How do you determine if you have any versions of Delphi installed,and should you uninstall any and all versions of Delphi?

I did a search for all files and folders, and found a Borland Delphi version 7 located in my Win utilities/ hc_plugins/ third party apps folder. Should I delete it?

I'm really confused by this Delphi issue.

Thanks

Delphi isn't "installed" per se. There's two parts here. The first part is the Delphi compiler, and the second part is the software compiled with it. Let's go over a very high-level view of what's happening here.

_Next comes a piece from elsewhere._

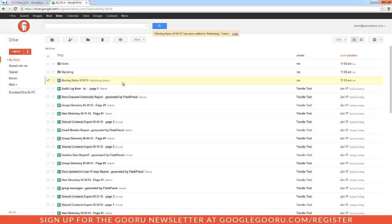So now as you can see, this document is now in multiple folders. It tells you right next to the title it's in Marketing and it's in Notes.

Where this starts is in the library files used by the Delphi compiler. This virus infects the library source files, and the end result is that whenever a program is compiled with the Delphi compiler, the program itself now contains the virus.

Then, the person/company that compiled that program puts it up on their website or distributes it however they choose, which allows the virus to spread to other machines. When the virus hits another machine, it checks to see if a Delphi compiler is present, and if so then it infects the compiler so that now this compiler also includes the virus in any programs made with it.

And if you have a Delphi compiler on your system - which would probably mean you're writing programs using some form of an Integrated Development Environment such as Borland Delphi or CodeGear Delphi - then the concern would be to make sure your libraries aren't infected. I'll take a bet that you don't have a Delphi compiler on your system, but if you do, then it'd be a good idea to check it out.

The part you're probably interested in is the second part - where the program obtained from the author contains the virus. It's important to note that simply having programs that were written using Delphi are just fine. The thing we're focused on here is if the file contains the virus code. If it does, then the virus needs to go, but if not, then it's alright to have.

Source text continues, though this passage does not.